Perl script to clean up file -- Dont know if it can be done

L

LHradowy

I thought I would throw this out there, I think it can not be done, but I am
not a guru.

This is the problem I get a file that I must pull the pertanent data out. I
has a header and footer, as well as page breaks, this is all in ASCII
format. I need to pull out just the columns.
I do this all manually (delete the header and footer, and well as all the
page breaks) there are also at times a 0 at the beginning of a record that I
do not want there as well.

This is what the file looks like...


REPORT NAME: FACICL
0 CLIENT JOB NUMBER: 23405
0 CLIENT NAME: LAURA XXXXXXXX
0 CLIENT MAILING CODE: D509H
0 REPORT DATE: 04/07/08
0 REPORT TIME: 12:46
1REPORT NO: FACRPT14 SOME INFO HERE
RUN DATE: 04JUL10
0 JOB NAME: FACCTICL CUTOVER ACCARE INTERFACE
REJECT REPORT PAGE NO: 2
0 PROGRAM : FACB5500 CUTOVER: LEAF CUTOVER
DATE: 04JUL09
0 TELN CUTTELN CUTOEN REJECT REASON
---- ------- -------------- -------------
-----------------
0 1555200 00 0 12 02 CUSTOMER HAS
2555206 00 0 05 01 CUSTOMER HAS
4555208 00 0 03 06 TELN NOT BILL
1REPORT NO: FACRPT14 SOME DATA HERE
RUN DATE: 04JUL10
0 JOB NAME: FACCTICL CUTOVER ACCARE INTERFACE
REJECT REPORT PAGE NO: 3
0 PROGRAM : FACB5500 CUTOVER: LEAF CUTOVER
DATE: 04JUL09
0 TELN CUTTELN CUTOEN REJECT REASON

---- ------- -------------- -------------
-----------------
0 1555200 00 0 12 02 CUSTOMER HAS
2555206 00 0 05 01 CUSTOMER HAS
4555208 00 0 03 06 TELN NOT BILL
- REJECTED = 000000145 CUTOVER = 000000213
- *** SUCCESSFUL COMPLETION OF
FACCTICL ***


I manually disect this file to make it look like this...
1555002 00 0 04 27 TELN NOT BILL
3555007 00 0 06 00 CUSTOMER HAS
5555410 00 0 12 10 CUSTOMER HAS
6755012 00 0 12 06 CUSTOMER HAS

I have manually removed the header, footer and page breaks.
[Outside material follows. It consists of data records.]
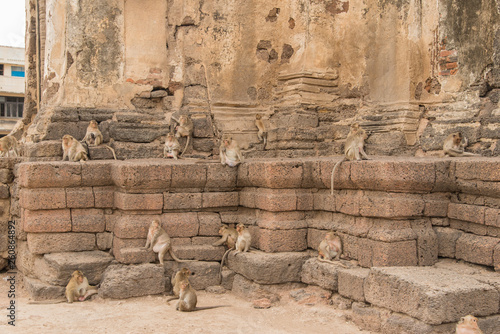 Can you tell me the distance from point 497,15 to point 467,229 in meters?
3.52

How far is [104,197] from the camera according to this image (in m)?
7.95

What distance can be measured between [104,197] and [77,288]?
1427 mm

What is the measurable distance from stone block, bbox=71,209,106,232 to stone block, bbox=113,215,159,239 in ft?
1.14

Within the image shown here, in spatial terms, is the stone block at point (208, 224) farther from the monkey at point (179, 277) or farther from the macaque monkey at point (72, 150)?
the macaque monkey at point (72, 150)

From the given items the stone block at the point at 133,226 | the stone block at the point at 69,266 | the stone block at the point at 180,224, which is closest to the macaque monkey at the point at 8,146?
the stone block at the point at 69,266

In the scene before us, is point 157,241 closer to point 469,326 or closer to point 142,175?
point 142,175

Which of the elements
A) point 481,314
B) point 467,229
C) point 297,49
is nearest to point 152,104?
point 297,49

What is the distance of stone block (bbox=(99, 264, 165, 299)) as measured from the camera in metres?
7.19

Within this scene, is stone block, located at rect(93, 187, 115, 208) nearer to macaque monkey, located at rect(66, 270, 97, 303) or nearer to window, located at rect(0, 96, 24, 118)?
macaque monkey, located at rect(66, 270, 97, 303)

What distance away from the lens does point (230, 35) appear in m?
9.81

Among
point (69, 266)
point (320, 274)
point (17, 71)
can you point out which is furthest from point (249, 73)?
point (17, 71)

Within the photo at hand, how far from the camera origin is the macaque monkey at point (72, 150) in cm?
830

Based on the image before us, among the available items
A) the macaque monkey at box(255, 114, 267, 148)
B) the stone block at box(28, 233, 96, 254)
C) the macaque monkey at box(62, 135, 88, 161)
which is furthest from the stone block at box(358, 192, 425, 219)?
the macaque monkey at box(62, 135, 88, 161)

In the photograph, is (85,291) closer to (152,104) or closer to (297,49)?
(152,104) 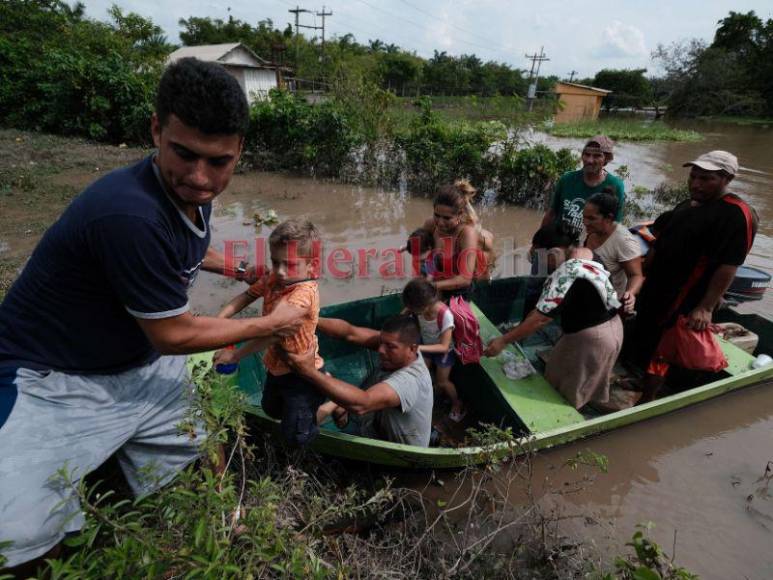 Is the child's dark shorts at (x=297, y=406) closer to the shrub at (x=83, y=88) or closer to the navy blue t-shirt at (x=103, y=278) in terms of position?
the navy blue t-shirt at (x=103, y=278)

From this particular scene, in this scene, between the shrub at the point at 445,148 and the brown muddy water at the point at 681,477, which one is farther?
the shrub at the point at 445,148

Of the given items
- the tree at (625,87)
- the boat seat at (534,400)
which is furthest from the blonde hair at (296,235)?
the tree at (625,87)

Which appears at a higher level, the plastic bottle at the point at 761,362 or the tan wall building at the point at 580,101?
the tan wall building at the point at 580,101

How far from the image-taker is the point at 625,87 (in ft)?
159

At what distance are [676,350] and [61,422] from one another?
13.6 ft

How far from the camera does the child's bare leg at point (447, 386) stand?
3643mm

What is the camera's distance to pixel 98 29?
20625 mm

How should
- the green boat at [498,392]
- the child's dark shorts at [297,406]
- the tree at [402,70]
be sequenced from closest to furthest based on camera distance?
the child's dark shorts at [297,406] → the green boat at [498,392] → the tree at [402,70]

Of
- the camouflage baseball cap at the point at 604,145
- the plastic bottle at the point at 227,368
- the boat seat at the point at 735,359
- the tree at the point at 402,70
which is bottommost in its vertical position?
the boat seat at the point at 735,359

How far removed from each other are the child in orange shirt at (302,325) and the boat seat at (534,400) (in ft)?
4.86

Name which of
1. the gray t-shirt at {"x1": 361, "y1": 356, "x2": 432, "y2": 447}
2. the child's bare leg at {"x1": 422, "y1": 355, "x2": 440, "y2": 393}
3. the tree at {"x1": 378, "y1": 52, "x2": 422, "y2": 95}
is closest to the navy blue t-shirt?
the gray t-shirt at {"x1": 361, "y1": 356, "x2": 432, "y2": 447}

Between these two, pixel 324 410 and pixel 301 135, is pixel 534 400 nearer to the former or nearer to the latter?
pixel 324 410

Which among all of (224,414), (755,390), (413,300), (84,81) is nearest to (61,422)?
(224,414)

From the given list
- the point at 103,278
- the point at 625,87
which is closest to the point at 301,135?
the point at 103,278
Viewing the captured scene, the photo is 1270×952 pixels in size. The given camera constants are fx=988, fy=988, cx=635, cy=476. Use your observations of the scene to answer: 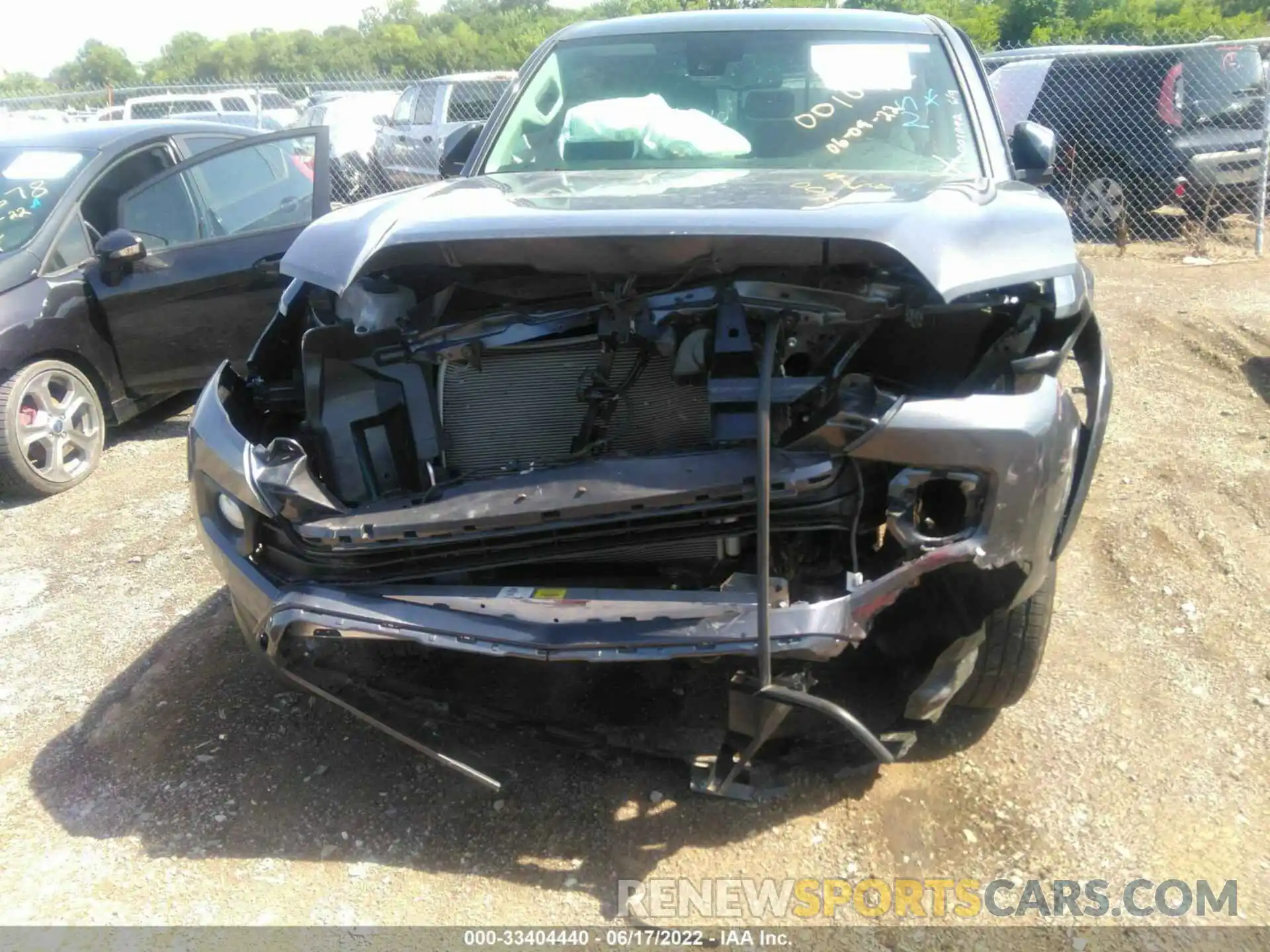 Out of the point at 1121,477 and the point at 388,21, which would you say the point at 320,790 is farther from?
the point at 388,21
As well as there
always seems to be a 0 at start of the first record. I remove this as well.
I then run this perl script:

while (<>) {
chomp; # Will remove the leading , or new line
s,^\s+,,; #Remove leading spaces
my @cols=split m/\s{2,}/, $_, -1; # Split on two (or more) white space
characters
@cols == 2 and splice @cols, 1, 0, "";
print join (',',@cols)."\n";
}

And I get this: WHAT I NEED!
5555002,00 0 04 27,TELN NOT BILL
1555007,00 0 06 00,CUSTOMER HAS
2555010,00 0 12 10,CUSTOMER HAS

I want to try to eliminate as much manual intervention as I can.
 
C

Craig Ciquera

Would this work:

# Read in the datafile (assume name is datafile.txt)
open(DATAFILE,"<datafile.txt") or die "Cannot open datafile.txt";

while (defined ($line = <DATAFILE>) )
{
# Skip everything but the info we are interested in
next unless $line =~ /\d{2} \d{1} \d{2} \d{2}/;

# Remove any leading 0's and/or whitespace
$line =~ s/(^0{0,}\s{0,})(.*)/$2/;

# Remove any potential empty fields
$line =~ s/\s{2,}/,/g;

print $line;
}
 
T

thundergnat

LHradowy said:
I thought I would throw this out there, I think it can not be done, but I am
not a guru.

This is the problem I get a file that I must pull the pertanent data out. I
has a header and footer, as well as page breaks, this is all in ASCII
format. I need to pull out just the columns.
I do this all manually (delete the header and footer, and well as all the
page breaks) there are also at times a 0 at the beginning of a record that I
do not want there as well.

This is what the file looks like...

Assuming the datas format ALWAYS looks like that:

pass the data file as a parameter.

while(<>){
if (/CUSTOMER HAS|TELN NOT BILL/){
$_ =~ s/^0?\s+(\d+)\D+(.{10})\W+(.+?)/$1,$2,$3/;
print;
}
}
 
T

thundergnat

LHradowy said:
I thought I would throw this out there, I think it can not be done, but I am
not a guru.

This is the problem I get a file that I must pull the pertanent data out. I
has a header and footer, as well as page breaks, this is all in ASCII
format. I need to pull out just the columns.
I do this all manually (delete the header and footer, and well as all the
page breaks) there are also at times a 0 at the beginning of a record that I
do not want there as well.

This is what the file looks like...

[snip]

0 1555200 00 0 12 02 CUSTOMER HAS
2555206 00 0 05 01 CUSTOMER HAS
4555208 00 0 03 06 TELN NOT BILL
[snip]

0 1555200 00 0 12 02 CUSTOMER HAS
2555206 00 0 05 01 CUSTOMER HAS
4555208 00 0 03 06 TELN NOT BILL

[snip]

What tranforms are you applying to change the numbers?
Where did the extra CUSTOMER HAS line come from?
I manually disect this file to make it look like this...
1555002 00 0 04 27 TELN NOT BILL
3555007 00 0 06 00 CUSTOMER HAS
5555410 00 0 12 10 CUSTOMER HAS
6755012 00 0 12 06 CUSTOMER HAS

[snip]

What tranforms are you applying to change the numbers?
What happened to the other CUSTOMER HAS line?
And I get this: WHAT I NEED!
5555002,00 0 04 27,TELN NOT BILL
1555007,00 0 06 00,CUSTOMER HAS
2555010,00 0 12 10,CUSTOMER HAS

I want to try to eliminate as much manual intervention as I can.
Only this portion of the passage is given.